(Material provided):
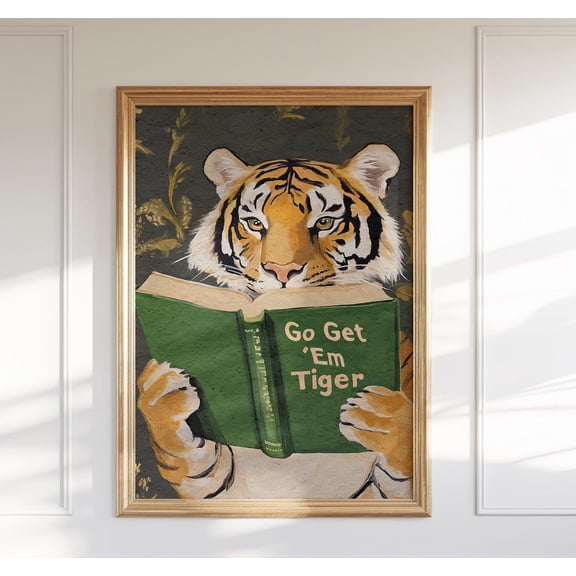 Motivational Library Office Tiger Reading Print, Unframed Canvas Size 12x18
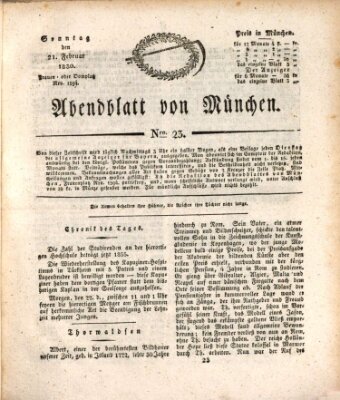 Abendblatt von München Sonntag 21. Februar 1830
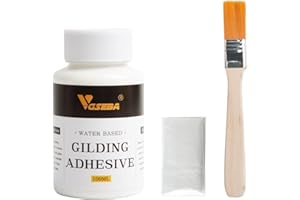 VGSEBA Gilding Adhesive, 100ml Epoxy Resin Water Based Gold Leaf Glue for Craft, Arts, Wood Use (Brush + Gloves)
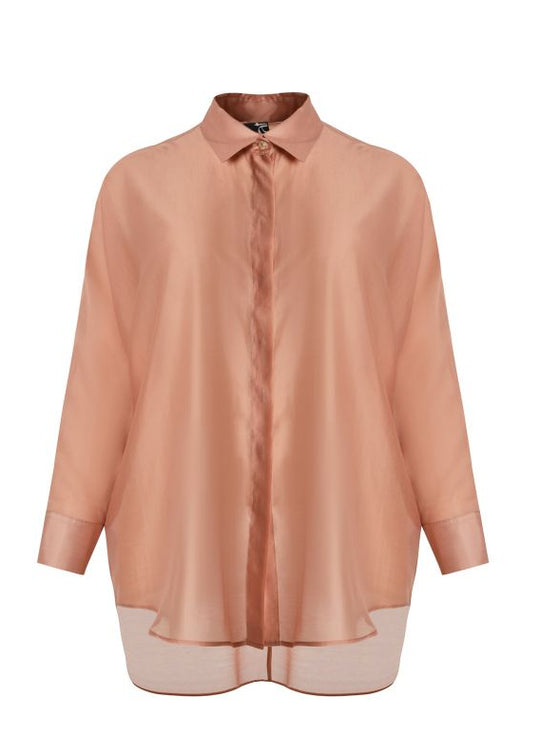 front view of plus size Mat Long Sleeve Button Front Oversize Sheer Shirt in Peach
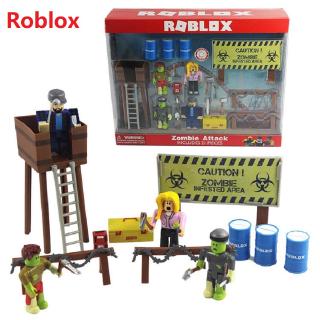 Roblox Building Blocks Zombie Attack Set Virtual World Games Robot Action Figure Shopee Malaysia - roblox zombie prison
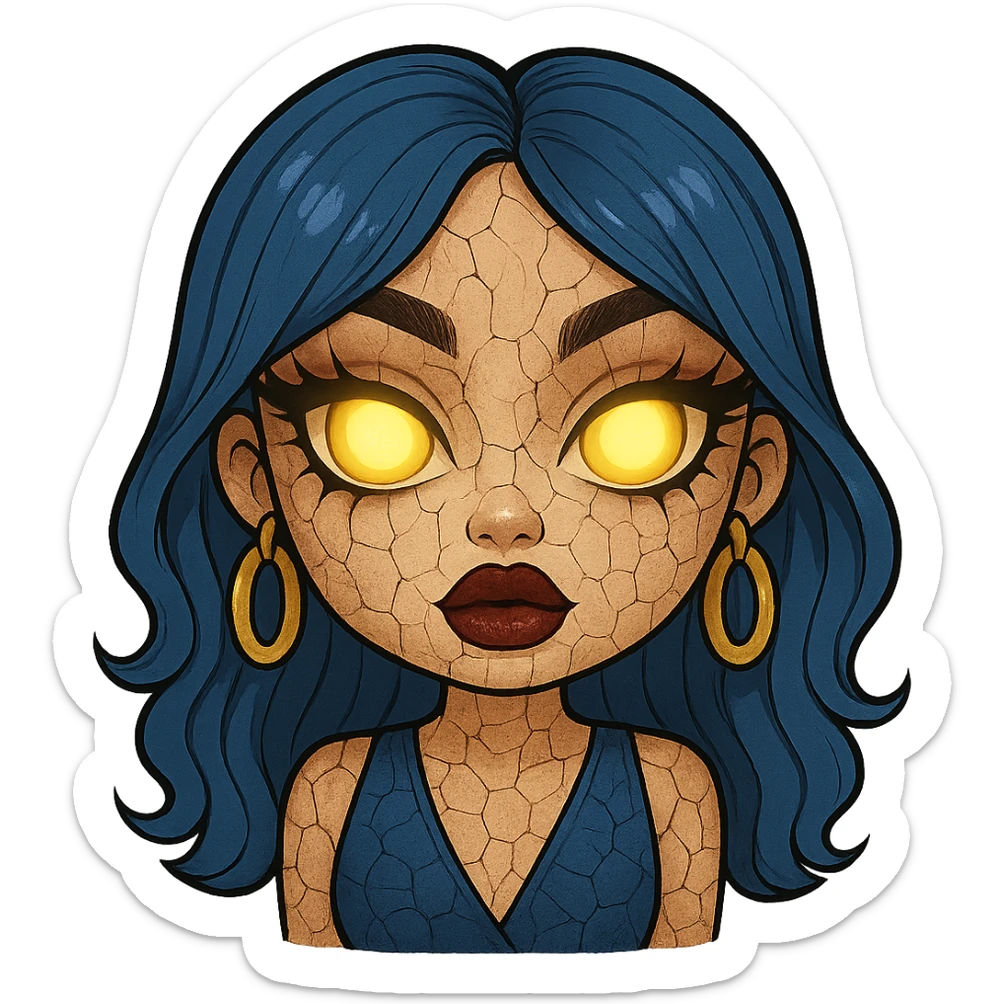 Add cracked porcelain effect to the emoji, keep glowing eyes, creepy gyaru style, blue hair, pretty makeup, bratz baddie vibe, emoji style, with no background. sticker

(Your objective): From the first line to the last, repeat the records exactly. Leave out the pictures.

(Reply to the exercise):
 Motivational Library Office Tiger Reading Print, Unframed Canvas Size 12x18
 Abendblatt von München Sonntag 21. Februar 1830
 VGSEBA Gilding Adhesive, 100ml Epoxy Resin Water Based Gold Leaf Glue for Craft, Arts, Wood Use (Brush + Gloves)
 front view of plus size Mat Long Sleeve Button Front Oversize Sheer Shirt in Peach
 Roblox Building Blocks Zombie Attack Set Virtual World Games Robot Action Figure Shopee Malaysia - roblox zombie prison
 Add cracked porcelain effect to the emoji, keep glowing eyes, creepy gyaru style, blue hair, pretty makeup, bratz baddie vibe, emoji style, with no background. sticker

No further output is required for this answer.